News Feature: 'River of Paper'


Lou Balicki, Vice President of Information Systems for Century National Insurance had a dream. Every day thousands of letters were sent to their insured clients and, by law, copies of every one of those letters had to be printed, catalogued, filed and stored for at least seven years. His dream was to turn that river of paper and mountain of file boxes into a small stack of shiny optical disks.

In a typical day documents generated by the company's mid-range and server-based systems are sent to laser printers as PCL files. Mr. Balicki's concept was to tap into the print stream and capture the print files, convert them to TIFF (a compressed file format) and send them to a document management system where they could be stored and retrieved. There was also a need to include scanned documents in the system.

General Networks working with Century National identified the following key requirements: the documents stored on the disks had to be (for legal reasons) unalterable; the information had to be rapidly accessible to the staff for reference; there had to be a complete audit trail to ensure that no documents were lost; and there had to be safeguards in place to recover documents in the event of a system failure.

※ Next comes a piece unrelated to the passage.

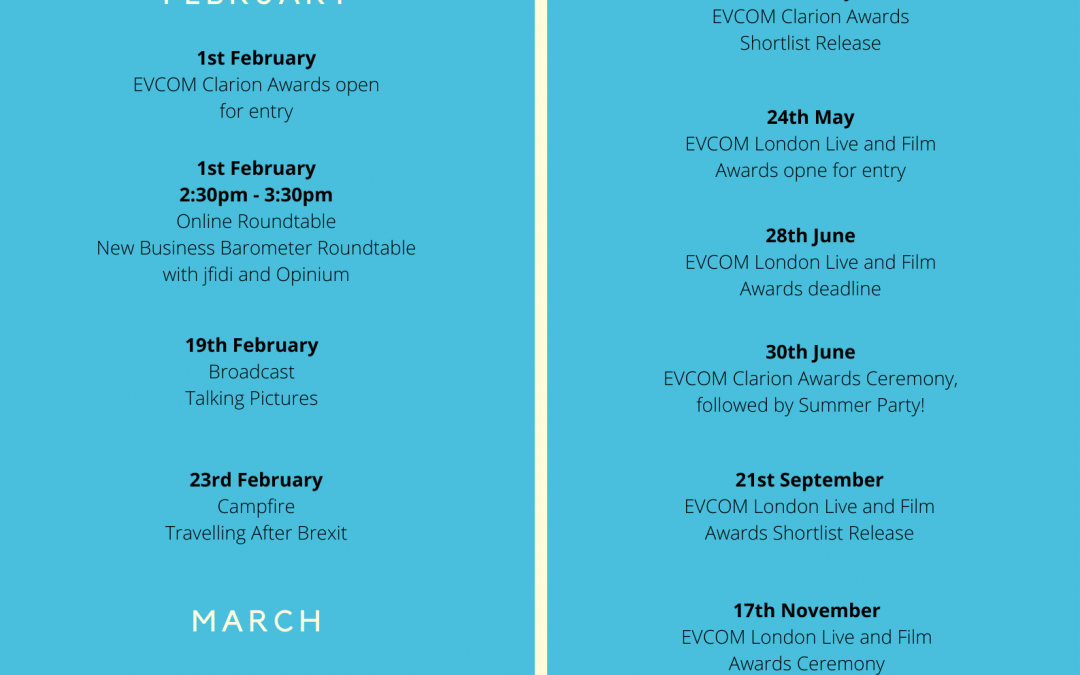 EVCOM’s Q1 Calendar & Key Dates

General Networks designed the hardware and software system to meet those requirements.

The unalterability of documents required that they be written to an optical WORM (write once read many) device. But rapid accessibility required that the data be stored on magnetic media as optical jukebox systems are notoriously slow. The solution was to create a system where the documents were simultaneously written to both magnetic and optical media. Using a Hierarchical Storage Management from OTG a 108 GB Compaq RAID storage system was married to a Plasmon Optical Jukebox. PCL files were captured from the print stream, converted to TIFF, indexed, logged into the document management system and stored. Safeguards are in place to ensure that all documents generated are correctly stored on the system and that a system failure will not result in documents being lost. Finally the optical system is used to create copies of the document disks which are then stored off-site. Mr. Balicki's dream of a small stack of optical disks is becoming reality.

Currently the Claims Department at Century National Insurance has automated their document capture. Eventually all departments will be using the system, saving Century National considerable time and expense handling, storing and retrieving paper files. As the system proves its stability they plan to eventually move completely away from paper.

According to Mr. Balicki, "We will not only see the simple cost savings in the production and storage of paper, but more importantly, we can now give our users and clients quick access to the paper-based data they need to conduct their business. It's this reduction in the 'paper chase' that's the real benefit!"